Ever-decreasing budget
Prof David Wilson, now chairman of the charity Friends of Grendon, says the prison has never been without its detractors - to the "bang 'em up" brigade, it sounds like a soft touch - but for most residents it is much harder than being locked up in a cell.
He says the murder of Coello, a 44-year-old former bus driver who was serving life for raping a child, had brought the spotlight back on to Grendon.
During the trial at Luton Crown Court, the jury heard that Coello had been placed in a wing with prisoners who were not sex offenders because the prison was so full.
Patrick Mandikate, the prison's head of psychotherapy, admitted he was "uneasy" with the decision. "It was made clear to me in no uncertain terms that we needed to fill these beds no matter who was available."
Judge Foster said Foye had "manipulated the prison authorities to facilitate" his move to Grendon and he had chosen Coello as his victim "perhaps because he had been vocal about his own offending".
Prof Wilson argues the murder should not be allowed to undermine the work done at Grendon, which historically has had the lowest rate of violence within the entire prison estate.

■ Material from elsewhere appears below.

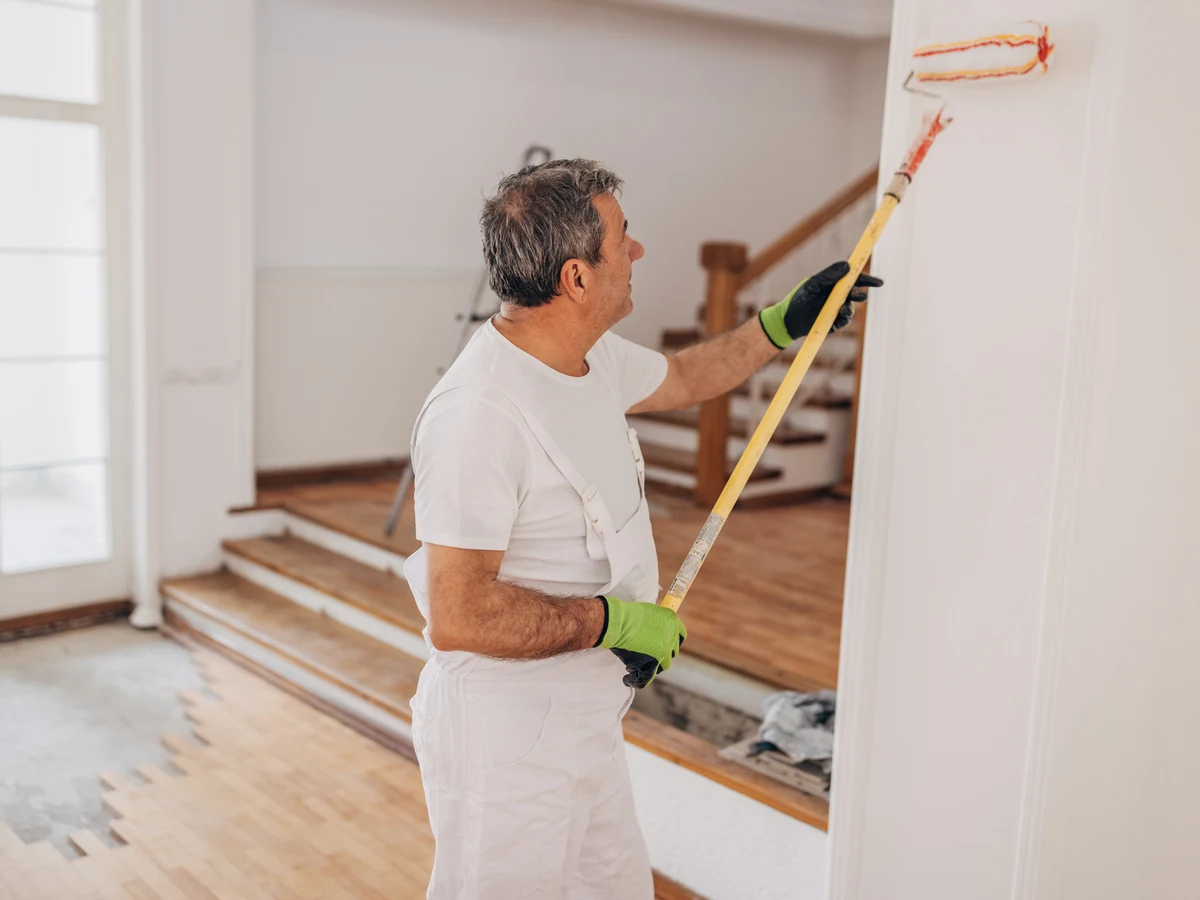 Decorator in white overalls rolling paint onto a wall beside a staircase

"Make no mistake about it, Grendon is at a really difficult crossroads," he said.
"Its resources have been cut and cut and cut, and there comes a point at which it is no longer safe and we are very close to that point.
"If the government insists on cutting it further then I no longer see how it will be able to operate as a therapeutic community."
Smith has his own theories about the murder at the prison.
He believes the entry criteria have been "dumbed down" - which the Prison Service denies - and it is now easier to get in, because Grendon has to compete for residents as other prisons have opened therapeutic communities within their establishments.
More generally, it is an ever-decreasing budget that worries the Prison Officers' Association, the Chief Inspector of Prisoners and various academics.
After an inspection in 2009, external, the then Chief Inspector of Prisons, Dame Anne Owers, said it had "reaffirmed Grendon's remarkable achievements with some of the system's most dangerous and difficult prisoners".
She also said: "It was of enormous concern to find that cumulative financial efficiencies had begun to erode Grendon's capacity to deliver a therapeutic regime at all."
Criminologists Elaine Genders and Elaine Player first visited the prison in the late 1980s, and to celebrate its 50th anniversary they revisited in 2010.
Among their many findings, external, they reported fewer staff, groups cancelled on a regular basis, and residents spending more time in their cells.
They concluded: "One of the most significant factors affecting how Grendon functions as both a prison and a therapeutic community has been the Treasury-driven reductions in prison service expenditure."
A Prison Service spokeswoman said the Ministry of Justice needed to make savings of about £2bn by 2014/15 and this meant "tough financial decisions".
"The government is committed to a rehabilitation revolution," she said. "To help achieve this we need a fit-for-purpose prison estate, which balances the needs of offenders with the capacity of the public purse."
Smith, who was released in May last year, says that while he wanted to change his life, it would not have been possible without Grendon.
And the most important thing he learned there?
"Empathy. A lot of armed robbers tell themselves we don't have victims," he said.
"I had never really taken other people's feelings into account. When you think about what your victims must have thought, it is very hard to depersonalise them."